Backed by Portage, Power Corporation’s VC arm, the company has raised $84.25 million, including a $76-million Series B round in June 2021 that was led by tech entrepreneurs Michael Rowell and Michael Paulus. The online lender uses AI to screen the mortgage market to offer lower rates than traditional banks and brokers.
Nesto isn’t the Canadian fintech with a nest egg. Toronto-based Pine announced a $27-million in seed and Series A funding in late May 2022, just as the handle of the hockey stick was taking form. Calgary’s Neo, meanwhile, has raised $274.29 million since its founding in 2019, according to PitchBook data, including a $185-million Series C round in May, earning it unicorn status a mere two months before the Bank of Canada’s historic one percentage-point hike.
“These lenders will use this capital to invest in their financial technology, which is where they, in great part, have an advantage over banks,” said Schwartz.
To be sure, companies like Nesto, Pine and Neo are among the lucky ones. Global fintech had a 33 per cent quarter-over-quarter tumble in the second quarter of 2022, according to a CB Insights report. The downfall of companies like the online-payments startup Fast and the New Jersey-based crypto-loan outfit Celsius, whose backing includes a reported $150 million from Quebec pension fund manager Caisse de dépôt et placement du Québec, underscores the upheaval in the fintech space.
Though the higher interest rates have pushed down the number of new mortgages in the industry in general, Charbonneau said, they have also raised awareness among customers of the savings Nesto is able to provide. (The company currently offers a 4.54 per cent, five-year fixed-term loan; by comparison, RBC’s current rate for the same loan is 5.54 per cent.)
“For us, the increase in mortgage rate is not sucking the life out of the market. There’s still purchases happening; there’s still renewal happening,” said Charbonneau. “It’s just we see a lot more intent from clients.” He pointed to the pivotal period when the Bank of Canada increased its rates by a full point: “Those two days—the day leading to it and the day of—we saw double site visits. These were the two highest site-visit days for us since the inception of Nesto.”
In June, the company introduced a 150-day rate hold, allowing customers to lock in as a hedge against future increases. The hold also serves as an incentive for customers to move their existing mortgages to Nesto from other providers, said Charbonneau; if their mortgage is set to expire within 150 days, they know that the rate on offer will still be available, regardless of subsequent interest hikes.
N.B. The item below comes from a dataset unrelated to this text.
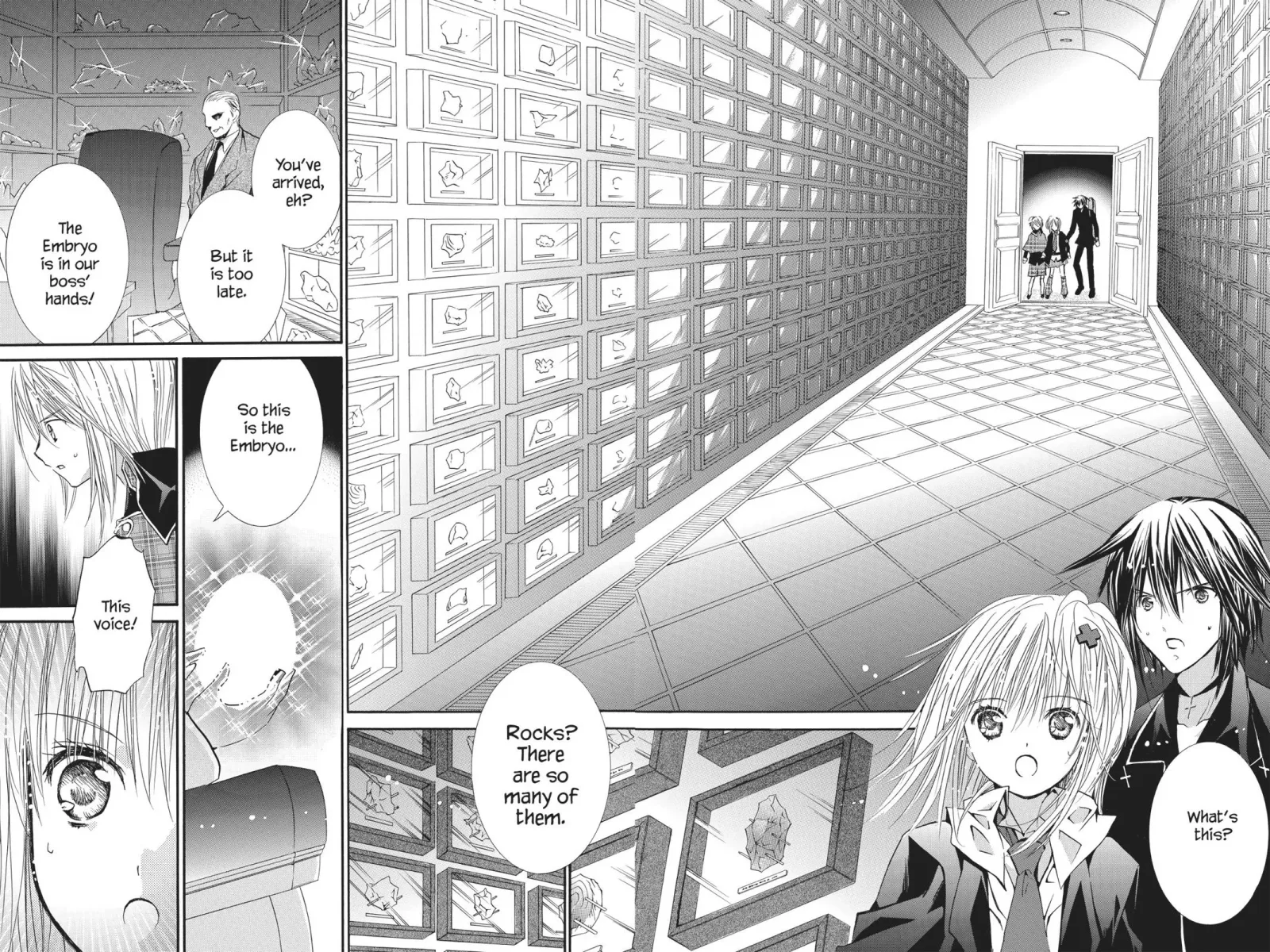 Shugo Chara! Chapter 10 page 18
Charbonneau added that both renewal and new-mortgage numbers are on the rise at Nesto, and that the share of renewals in the company’s mix of transactions remains constant—though he declined to say whether Nesto will have to resort to further funding should the downturn spiral into a recession.
Suffice to say, his sanguine outlook contrasts with that of smaller established mortgage players in the field. “Mortgage brokers are just starting to starve now, because there’s a long lag of final commissions being paid to both realtors and mortgage brokers,” said Ron Butler, president of Toronto-based broker Butler Mortgage. “We’re still getting paid on something that was initiated in March and April. But it’s over now. It’s gone. All gone.
“I refer to this as the valley of death,” Butler added ruefully. “We’ve reduced our headcount 38 per cent since March.”